"Humanities majors may well learn a great deal about the world. But they don’t really learn career skills through their studies. Engineering majors, conversely, learn in great technical detail. But they might not learn why, how, or where they should apply their skills in the workforce. The best students, workers, and thinkers will integrate these questions into a cohesive narrative."
Overlooking the fact that the Peter Thiel teaching at Stanford is the same Peter Thiel who paid 20 kids $100,000 to drop out of college and start a business, this is a great recap of Thiel’s first course at Stanford. Student Blake Masters took detailed notes, and there are some real gems (not, it should be noted, necessarily captured verbatim). The above comment shows the recognition of a workforce that can integrate inputs from diverse source, while this quote should also be borne in mind by all would-be entrepreneurs:
Channeling Tolstoy’s intro to Anna Karenina, all successful companies are different; they figured out the 0 to 1 problem in different ways. But all failed companies are the same; they botched the 0 to 1 problem.
I was also fascinated by Thiel’s interpretation of “the problem with big business,” which comes down to a question of scale and design:
North of 100 people in a company, employees don’t all know each other. Politics become important. Incentives change. Signaling that work is being done may become more important than actually doing work. These costs are almost always underestimated. Yet they are so prevalent that professional investors should and do seriously reconsider before investing in companies that have more than one office. Severe coordination problems may stem from something as seemingly trivial or innocuous as a company having a multi-floor office.

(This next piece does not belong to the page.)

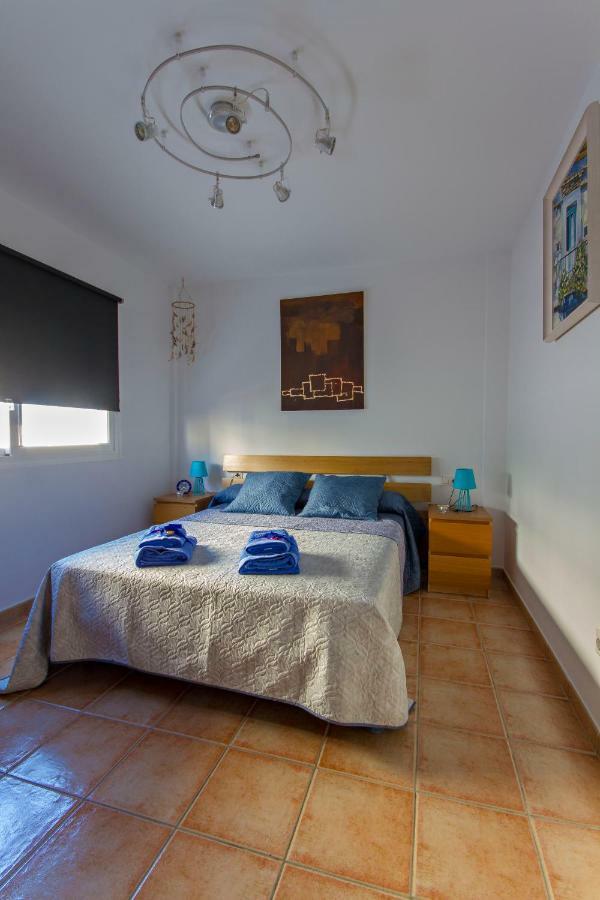 Casa Alvaria Punta Mujeres Екстер'єр фото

Thiel also gets into why people should ever embark on a startup in the first place, and it’s not, he advises, in order to merely copy what already exists. You can learn a lot if you shot for the moon and miss. But:
If you try to do Groupon for Madagascar and it fails, it’s not clear where exactly you are. But it’s not good.
And then finally, he details some questions all entrepreneurs should pose to themselves. I say we’d all probably benefit from taking a conscious look at where we are:
First, what is valuable? Second, what can I do? And third, what is nobody else doing?